In classical music, the most infamous developmental arc is probably that of composer Arnold Schoenberg. He started writing in the highly chromatic harmonic language of his day (1900, Vienna) and ultimately found himself at a crossroads: either develop a new musical language or continue to reuse the traditional musical syntax. He chose, what novelist Thomas Mann compared to a Faustian pact with the devil, to create a new system of organizing melody and harmony. Many have argued that Schoenberg and his modernist contemporaries and heirs alienated the audience for classical music, permanently, and that this constant striving for the “shock of the new”—to use Robert Hughes’s description of this same impetus in visual art—created a canon of impenetrable music by and for a secret society of initiates.
Charlie Parker and his collaborators caused a similar reaction in their quest for a new paradigm in jazz in the early 1940s. Many musicians and listeners did not understand Parker’s bebop, initially. However, bebop remains much of the stylistic basis for mainstream modern jazz.

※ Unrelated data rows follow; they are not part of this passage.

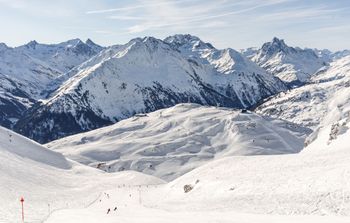 Erlebe herausfordernde Abfahrten und traumhaftes Panorama, wie hier in St. Anton am Arlberg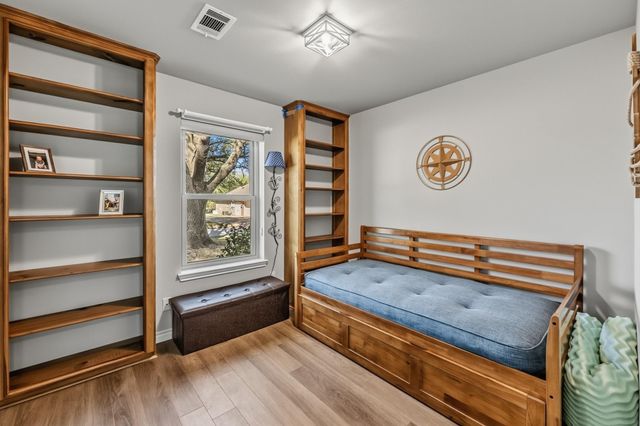 1337 Green Briar Drive, Huntsville, TX 77340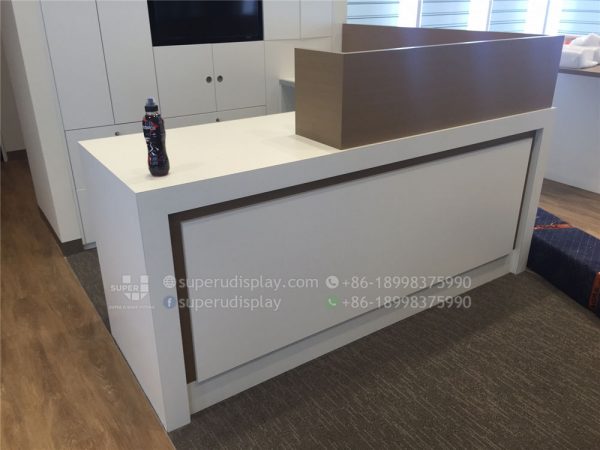 Retail Optical Shop Cashier Table - Image 3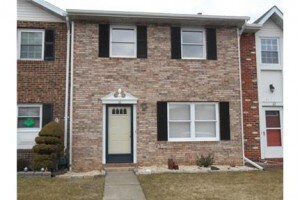 Primary Photo - 10 Woodcrest Dr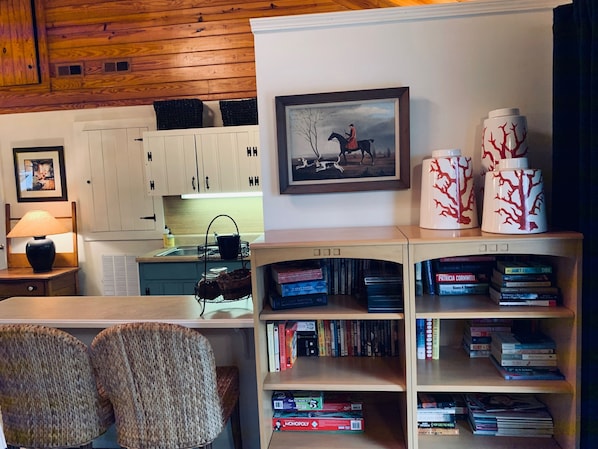 Interior - Tanglewood Farm -Horse & Hound Suite 1 BR/2BA Private Apt on Horse Farm (Southern Pines)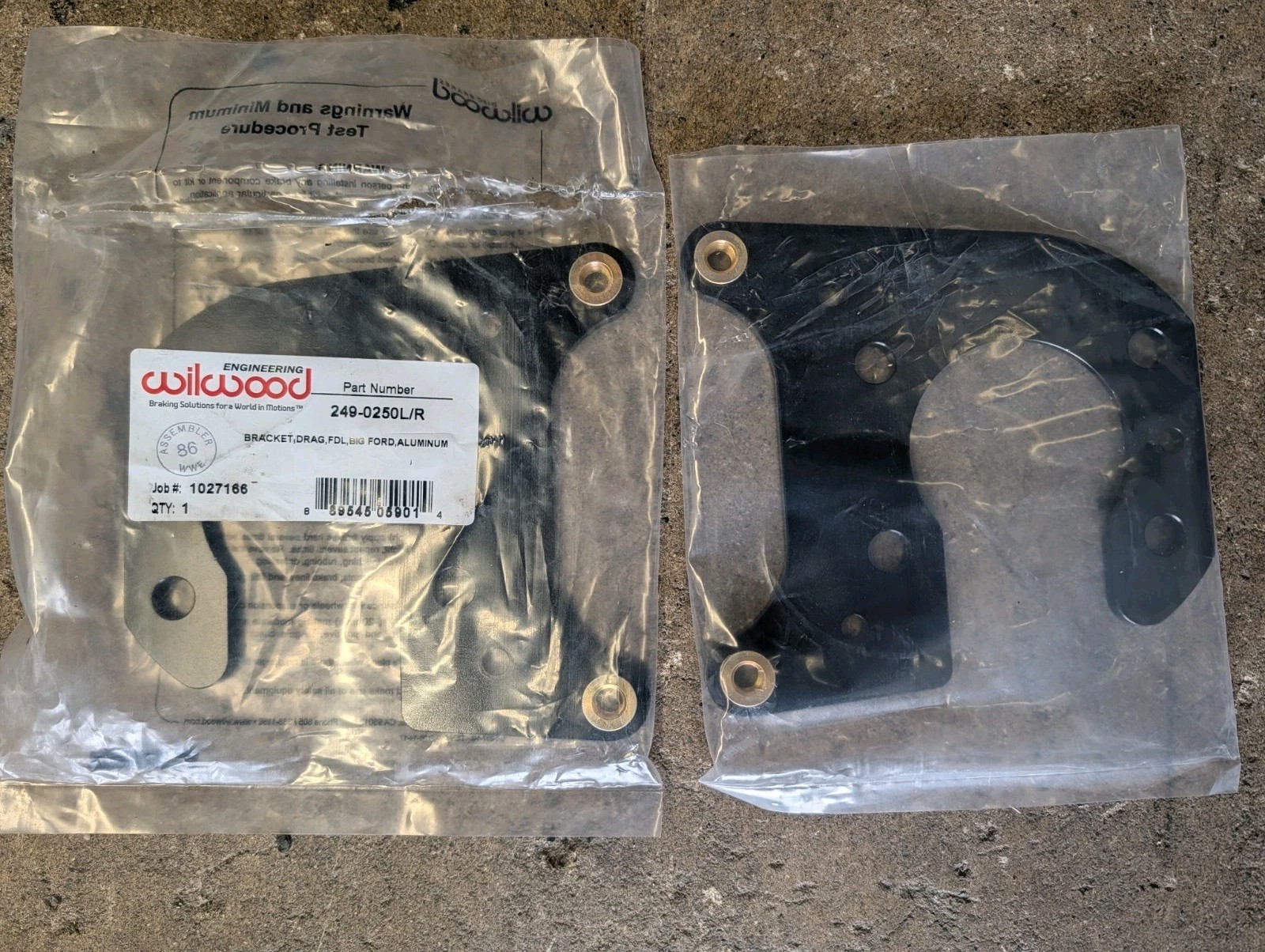 Wilwood 249-0250 L/R Wilwood Rear Disc Brake Drag Brackets 2 Piece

This restlessness—the drive to create something new—is sometimes assumed to be the essence of the artistic impulse. However, some artists prefer to work within the established boundaries of their predecessors, making incremental changes to their art form, while others, like the Beatles, Charlie Parker and Arnold Schoenberg break with the past, changing music in a fundamental way. So were the Beatles avant-garde? Some might argue that the avant-garde tendencies of John Lennon were balanced by the more conservative orientation of Paul McCartney. Another complication to this question is the notion that the 1960s heralded a new post-modern age when musicians freely mixed and matched various musical styles. The Beatles certainly seem to represent this aesthetic—compare the last two tracks on Revolver: “Tomorrow Never Knows” and “Got to Get You into My Life”. They are very different tracks, but both are vintage Beatles.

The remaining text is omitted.